- Born: March 14, 1893 Denver, Colorado, US
- Died: August 3, 1984 (aged 91)
- Education: Harvard University
- Family: Eliot family

= Samuel Atkins Eliot Jr. =

American writer (1893–1984)

Samuel Atkins Eliot Jr. (March 14, 1893 - August 3, 1984) was an American writer on theatre, translator, and academic, born in Denver, Colorado and educated at Harvard University.

== Early life ==
He was the son of Samuel Atkins Eliot, a prominent Unitarian clergyman, and the grandson of Charles W. Eliot, a president of Harvard University.

His family, the Eliots, were a Boston Brahmin family.

== Professional career ==
After leaving Harvard in 1913, Samuel Eliot Jr. worked in theatre. He was connected with the Little Theatre in New York, was director of the Little Theatre in Indianapolis, and acted with the Washington Square Players in New York.

In 1918, he published the first of his four edited volumes of Little Theatre Classics (1918–21), designed to provide adaptations of classic plays in various languages for community and small theatres. In the same year, he was taken on at Smith College, where he taught playwriting and post-medieval drama and instituted a theatre production course. In 1920, he directed and starred in the first North American performance of Pericles Prince of Tyre as part of his newly established Smith Theatre Workshop.

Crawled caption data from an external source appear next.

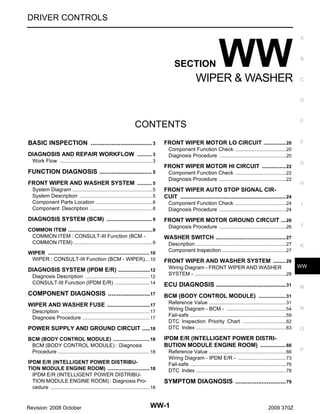 DRIVER CONTROLS

SECTION

WW

WIPER & WASHER

A

B

C

D

E

CONTENTS
BASIC INSPECTION ................................... 3
.

FRONT WIPER MOTOR LO CIRCUIT .............. 20

DIAGNOSIS AND REPAIR WORKFLOW ......... 3
.

F

Component Function Check ...................................20
.
Diagnosis Procedure ..............................................20
.

Work Flow ................................................................ 3
.

FUNCTION DIAGNOSIS .............................. 5
.
FRONT WIPER AND WASHER SYSTEM ......... 5
.

FRONT WIPER MOTOR HI CIRCUIT ............... 22
Component Function Check ...................................22
.
Diagnosis Procedure ..............................................22
.

System Diagram ....................................................... 5
.
System Description .................................................. 5
.
Component Parts Location ....................................... 8
.
Component Description ........................................... 8
.

FRONT WIPER MOTOR GROUND CIRCUIT ... 26

H

FRONT WIPER AUTO STOP SIGNAL CIRCUIT .................................................................. 24

DIAGNOSIS SYSTEM (BCM) ............................ 9
.

G

COMMON ITEM .......................................................... 9
.
COMMON ITEM : CONSULT-III Function (BCM COMMON ITEM) ...................................................... 9
.
WIPER ...................................................................... 10
.
WIPER : CONSULT-III Function (BCM - WIPER).... 10

DIAGNOSIS SYSTEM (IPDM E/R) ....................12
.

Component Function Check ...................................24
.
Diagnosis Procedure ..............................................24
.
Diagnosis Procedure ..............................................26
.

I

J

WASHER SWITCH ............................................ 27
Description ..............................................................27
.
Component Inspection ............................................27
.

K

FRONT WIPER AND WASHER SYSTEM ........ 28
Wiring Diagram - FRONT WIPER AND WASHER
SYSTEM - ...............................................................28
.

Diagnosis Description ............................................ 12
.
CONSULT-III Function (IPDM E/R) ........................ 14
.

ECU DIAGNOSIS ........................................ 31
.

COMPONENT DIAGNOSIS ........................ 17
.

WW

BCM (BODY CONTROL MODULE) ................. 31

WIPER AND WASHER FUSE ...........................17
.
Description ............................................................. 17
.
Diagnosis Procedure .............................................. 17
.

POWER SUPPLY AND GROUND CIRCUIT .....18
.
BCM (BODY CONTROL MODULE) ......................... 18
.
BCM (BODY CONTROL MODULE) : Diagnosis
Procedure ............................................................... 18
.
IPDM E/R (INTELLIGENT POWER DISTRIBUTION MODULE ENGINE ROOM) ............................. 18
.
IPDM E/R (INTELLIGENT POWER DISTRIBUTION MODULE ENGINE ROOM) : Diagnosis Procedure .................................................................... 18
.

Revision: 2008 October

Reference Value .....................................................31
.
Wiring Diagram - BCM - .........................................54
.
Fail-safe ..................................................................59
.
DTC Inspection Priority Chart ..............................62
.
DTC Index ..............................................................63
.

IPDM E/R (INTELLIGENT POWER DISTRIBUTION MODULE ENGINE ROOM) ................ 66
Reference Value .....................................................66
.
Wiring Diagram - IPDM E/R - .................................73
.
Fail-safe ..................................................................76
.
DTC Index ..............................................................78
.

SYMPTOM DIAGNOSIS ............................. 79
.

WW-1

2009 370Z

M

N

O

P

He published a number of translations of the works of German playwright Frank Wedekind, including the "Lulu plays", Erdgeist (Earth Spirit, 1914–15) and Die Büchse der Pandora (Pandora's Box, 1914). These were collected, together with his translations of Frühlings Erwachen (Spring Awakening) and Tod und Teufel (Damnation) in a single volume as Tragedies of Sex (Boni and Liveright, New York, 1923).

He also wrote a book on birds of the Connecticut Valley.